This line of argument is opposed to both Cooper and Pearson with regard to θυμός and τό συμφέρων, so I'll sketch out my thinking here. First, let's look at the things that one might gain in life, that might be useful, that might lead to advantage. Since these are not the things that are purely pleasurable or enjoyable (especially physical objects of craving like food and drink and sex - although Aristotle says that in an extended sense there is ἐπιθυμία for higher things like learning), nor the things that are right or beautiful (such as personal excellence, knowledge, and virtue), they must be something else. The best candidates seem to be external goods such as wealth, but especially honor, societal position, respect, and reputation (as pointed out by Fortenbaugh in Aristotle on Emotion and Konstan in The Emotions of the Greeks, at least in classical times the Greeks were very much oriented toward relative status in their communities).

If we look at Aristotle's various lists of the emotions in De Anima, Nicomachean Ethics, Eudemian Ethics, and Rhetoric, we can see that most of them are, or can be construed as, fundamentally social or comparative: anger or ὀργή is triggered by being slighted or disrespected or attacked (and thus losing something you value or losing face in your community), envy or φθόνος is a desire to have what another person has, jealousy or ζῆλος is a desire that someone else not have what they have, fear or φόβος is a desire not to lose what you have (up to and including your own life), pity or ἕλεος is what you feel when someone undeserving loses what they have, regret or πόθος is what you feel when you have lost something, boldness or θάρσος is assertiveness about seeking advantage, shame or αἰδώς occurs if you lose face, delight or χαρά is what you might feel if you have gained something of great value, love or φιλία is what you feel for something or someone you want to gain (note that there are dozens of Greek words beginning with φιλο- such as φιλοθηρία for love of hunting or φιλοκυδής for love of glory), hatred or μῖσος is what you feel for something or someone that threatens you or what you have, etc. These emotions could all be varieties of θυμός or at least could arise in what Aristotle calls the θυμοειδής (the seat of or capacity for θυμός); although Aristotle never comes out and says that directly about all of these feelings, he says that about enough of them (e.g., ὀργή, φόβος, φιλία) that I think we can generalize.

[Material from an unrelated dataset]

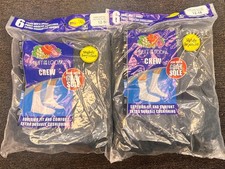Fruit of the Loom Men's Black Crew Cotton Socks Big  Tall Size 12-14  12 Pairs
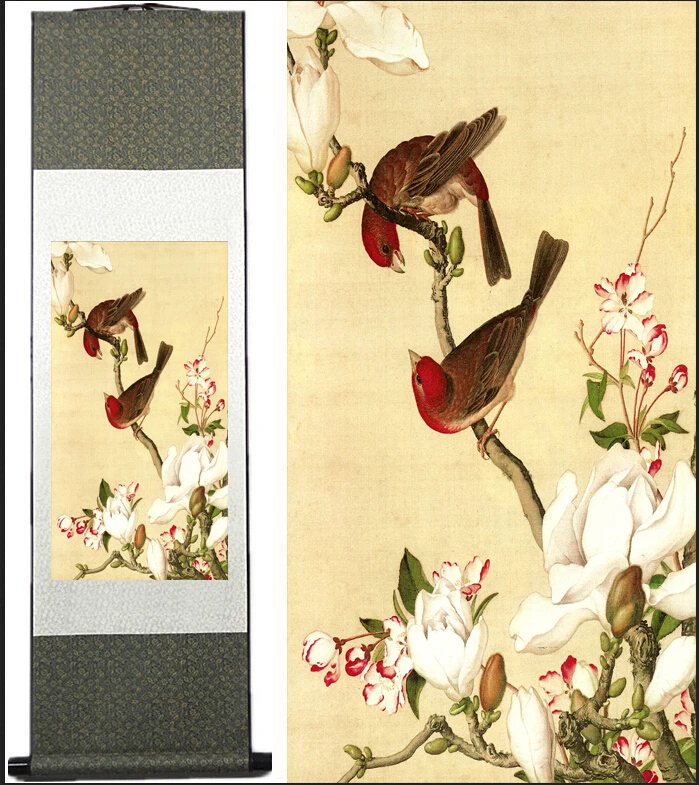 

Spring Flower painting Home Office Decoration Chinese scroll painting flower art painting Chinese paintingPrinted painting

For Aristotle, the conscious resolve to pursue what's right is distinctively human, whereas we share cravings for what's pleasurable and feelings for what's advantageous with other animals (ἐπιθυμία and θυμός are non-rational, whereas βούλησις is rational). Yet human beings are not disembodied minds: thus the best form of living is to integrate all three forms of the good by finding the highest pleasure and truest advantage in activities and practices for the sake of τό καλόν; the result is a seamless combination of right reason (ὀρθός λόγος) and right reaching (ὀρθός ὄρεξις). I'll have more to say about that in my forthcoming book on Aristotle.